Britain's Kate in labour as world awaits royal baby
Prince William's wife Kate was admitted to hospital on Monday in the early stages of labour as the world awaited the birth of a baby directly in line to inherit the British throne.
A global frenzy over the arrival of a new generation of British royalty reached fever pitch as the couple, both 31, was driven from Kensington Palace to a plush London hospital suite at around 6:00am (0500 GMT).
They used a back entrance and travelled without police protection, meaning they were missed by the ranks of international media who have camped outside the private Lindo Wing of St Mary's Hospital for three weeks.
The baby will be born third in line to the throne and in the direct line of succession after head of state Queen Elizabeth II's eldest son and heir Prince Charles, and then his eldest son William.
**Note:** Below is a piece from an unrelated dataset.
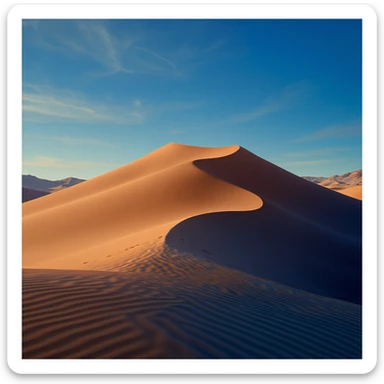 A modern desert mountain, wallpaper, modern sticker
"Her Royal Highness The Duchess of Cambridge has been admitted this morning to St. Mary's Hospital, Paddington, London in the early stages of labour," Kensington Palace said in a statement.
"Things are progressing as normal," a spokesman added.
Kate has said the couple does not know the sex of the baby. Its title will be His/Her Royal Highness Prince/Princess (name) of Cambridge.
If it is a girl, then new succession laws being brought in across the 16 Commonwealth realms would mean that she could no longer be overtaken by any future younger brothers.
Prime Minister David Cameron sent his best wishes to the couple and said he was confident the laws would be pushed through.
"A very exciting occasion and the whole country is excited with them. So everyone's hoping for the best," he said.
The birth is later than widely expected, adding to the sense of anticipation about a possible royal baby ever since William and the former Kate Middleton married with a huge fanfare in April 2011 after a decade-long romance.
The pregnancy was announced in December when Kate was admitted to hospital with severe morning sickness.
Kate is in the private Lindo Wing of St Mary's, where a standard room and normal delivery -- which she is hoping for -- costs £4,965 ($7,600, 5,800 euros) for the first 24 hours, plus consultants' fees which can reach around £6,000.
Imperial College Healthcare NHS Trust, which runs the hospital, said: "During her stay at the hospital, the duchess is being cared for by an expert team of consultants and midwives."
The duchess is being tended by a top medical team led by the queen's gynaecologist Alan Farthing and his predecessor Marcus Setchell.
William, at his wife's bedside, has been on annual leave and will take two weeks' paternity leave from his military job as a Royal Air Force search and rescue pilot.
The prince was born in the same hospital wing and media from across the globe are hoping for a repeat of the scene in 1982 when Charles and his first wife Diana brought out the baby to show him off to the world.
On the hottest day of the year, roughly 100 media were buzzing about Monday, with around 30 presenters lined up in a row delivering live broadcasts and clips.
Yang Shanshan, from China's CCTV, told AFP: "We've been waiting for this for 10 days now. It was a long wait. We didn't show up every day but now, of course, we'll stay here until the baby comes."
Around 20 police officers were also stationed outside the wing and royal fanatics clad in British flags were beside themselves with delight.
"I'm so excited. Like in a washing machine. Never been so high!" said John Loughrey, who has slept outside the hospital for seven nights.
Crowds were also gathering outside Buckingham Palace.
-- 'Do you know something I don't?' --
The new arrival will be Queen Elizabeth's third great-grandchild, and a first grandchild for Charles, and ensures that there are three generations of direct succession to the British throne.
Charles, the current heir, was visiting York in northern England, where members of the public shouted "Congratulations!".
A smiling Charles said: "Do you know something I don't?"
The birth is set to be formally announced when a document signed by the doctors is placed on a golden easel in the Buckingham Palace forecourt.
Outside Buckingham Palace, the queen's residence, Josh Killoren from Melbourne told AFP: "I'm hoping it's a boy. I'm sick of seeing a girl on the side of our coins."
Jane Ku from Singapore said: "We've been waiting for the baby for days! We're going to buy all the baby souvenirs."
There has been a betting frenzy on the name of the royal newborn.
"There is a clear view that the baby will be a girl so there is lots of activity around girls' names," a spokeswoman for bookmakers William Hill told AFP.
"Alexandra and Charlotte are the most popular."
Other favourites are Diana, Elizabeth and Victoria, with George and James the top boys' names.